A word we use regularly is “myth”. When this word is used, it often (usually) means something that isn’t at all true.

But there’s another meaning to the word “myth”, one that we might not think of at all: Its other meaning is something that is ultimately true, or something that we might say is true with a capital “T”. Myth in this sense often employs a story or perhaps some weighty statement.

For example, to exemplify the ultimate truth of human dignity and equality, this statement is used: “We hold these truths to be self-evident, that all men (today, we would say all men and women) are created equal, and that they are endowed by their Creator with certain inalienable rights….” (The Declaration of Independence). This lofty statement affirms the ultimate truth of the basic nature of all human persons.

Another example of “myth” in the sense of being ultimately true (with a capital “T”) might be C. S. Lewis’ story The Lion, the Witch and the Wardrobe. For Christian readers and viewers of the movie, it’s impossible not to see the redemption story of our Lord Jesus Christ. Lewis’ story relates the ultimate truth of Jesus Christ.

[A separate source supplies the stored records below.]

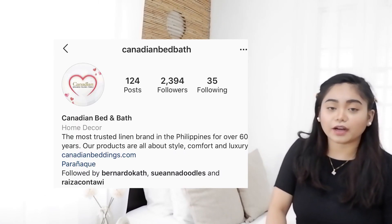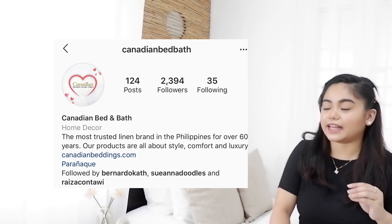Dito sa side na to, makikita nyo dalawang throw pillow case — matagal ko na rin siya nabili sa Walter Mart. Pillow cases ko, dito sa malalaking muna na to, is Canadian. Sobrang lambot ng Canadian na bedsheet and pillow cover. Kaya sinasuggest ko sa inyo, mabili kayo ng pillow cover, bedsheet, at pangatwalya — go check to Canadian. Pillow guys, nabili ko rin siya sa SM — pang hotel, para mas comfy yung tulog.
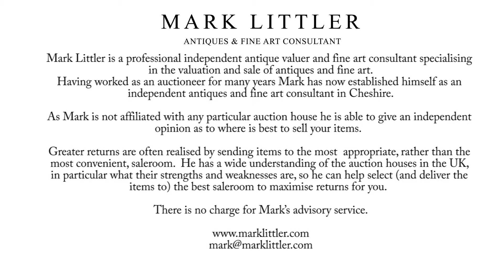So there it is — a fabulous William III silver tankard, made by John Sutton in London in 1699. It carries an estimate of £3,000 to £5,000 at Tenants Auctioneers July Fine Art Sale. Thank you.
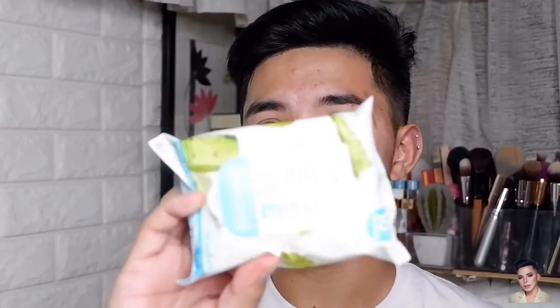So guys, before ako mag-makeup sa akin and sa clients ko, naglalagay muna ako ng wipes. And yung ginagamit ko ngayon is itong Skinlab Aloe Vera Hydrating Makeup Remover Wipes. Nabili ko ito sa Watson. Maganda rin maglagay ng wipes kasi mas naaalis yung mga dumi na naiwan sa face nyo nung naghilamos kayo.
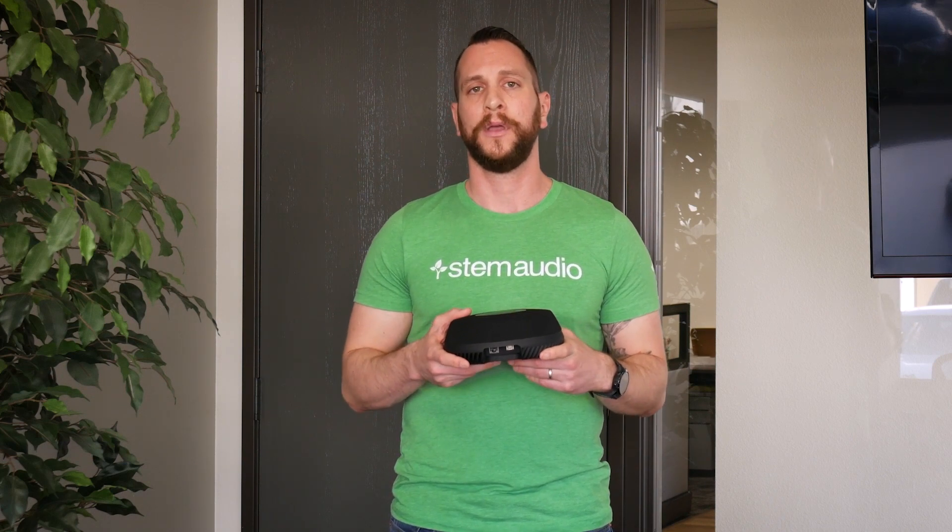In section two, we're actually going to talk about setting up the device through the STEM Audio ecosystem platform. But other than that, we're good to go. Thank you.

Hopefully, these are good illustrations of this use of the word “myth”.

This morning, we hear the account of the disciple Thomas’ encounter with the risen Christ, an event that took place eight days after Easter Sunday. (So, it’s especially appropriate that we hear and consider this account on this day.)[1]

Let’s recall what John tells us about Thomas, and his demand to come to believe that the resurrection actually happened.

We read that, on Easter Sunday, Thomas was not present when the Lord appeared to the other disciples. In the days which followed, those who had seen the Lord told Thomas about their encounter. Thomas replied that he wouldn’t believe their statements unless he, himself, was able to touch the Lord and to actually put his finger into the Lord’s wounds. (I think it’s appropriate, at this point, to say that Thomas was simply taking the approach that many of God’s people in that day and time took…they wanted to have proof, physical proof, of something before they would believe it to be true.[2])

Then, on the eighth day[3], Thomas is present with the others, and Jesus comes into the room, through the locked door. Jesus knows of Thomas’ demands.[4] He says to Thomas, “Put your finger here…”

Thomas’ demands, essentially, come down to this: Does he believe that Jesus’ resurrection is a myth, that is to say, something that isn’t true at all, and has no basis in fact. Or, is Jesus’ resurrection a myth in the sense of being True with a capital “T”?

Thomas’ demands and his need to have a basis upon which to believe is ours, as well.

There is a wonderful verse in this account…When Jesus asks Thomas if he has come to faith because he was able to physically see the Lord, then the Lord says “blessed are those who have not seen, and yet have come to believe”.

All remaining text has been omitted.